Sem se ater a detalhes nem citar nem o operador nem os rivais, a Administração Estatal de Ciência, Tecnologia e Indústria para a Defesa Nacional da China emitiu um comunicado público, em 12 de janeiro, em que informou que o caça J-10CE obteve suas primeiras vitórias em combate ar-ar, feitas por um cliente de exportação. A divulgação confirma as falas de fontes paquistanesas de que, em 7 de maio de 2025, caças indianos foram abatidos em um rápido conflito na região de fronteira.

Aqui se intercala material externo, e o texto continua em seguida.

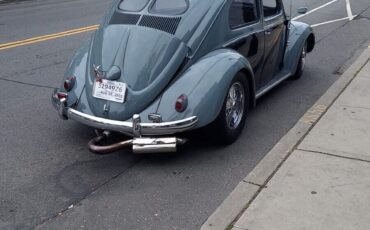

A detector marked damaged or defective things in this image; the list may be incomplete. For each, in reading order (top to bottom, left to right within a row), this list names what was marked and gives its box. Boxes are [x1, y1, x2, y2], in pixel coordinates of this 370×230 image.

pavement crack [33, 156, 145, 228]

O governo chinês destaca o J-10 como um produto preparado para a exportação. Fabricado pela Chengdu, o caça voou pela primeira vez em 23 de março de 1998 e entrou em serviço na China em 2004 com a proposta de ser um vetor multifuncional, tendo capacidades semelhantes a vetores de grande sucesso de exportação, como o Rafale, o Typhoon, o F-16, o MiG-29 e o Gripen. Porém, até agora, só o Paquistão comprou a aeronave de origem chinesa, tendo entre 20 e 36 unidades encomendadas (dependendo da fonte). A China tem feito forte campanha para divulgação do J-10, incluindo seu uso na esquadrilha de demonstração aérea Ba Yi.

Capaz de derrubar Rafale?
Dias após o embate contra a Índia, o primeiro-ministro Shehbaz Sharif disse que a força aérea do seu país transformou em “pedacinhos” cinco jatos de combate da Índia. Fontes não identificadas do Paquistão, da Índia e dos Estados Unidos confirmam a perda de pelo menos um caça Dassault Rafale, fabricado na França e, atualmente, o vetor aéreo mais moderno do arsenal indiano. Seria o primeiro abate de um Rafale na história.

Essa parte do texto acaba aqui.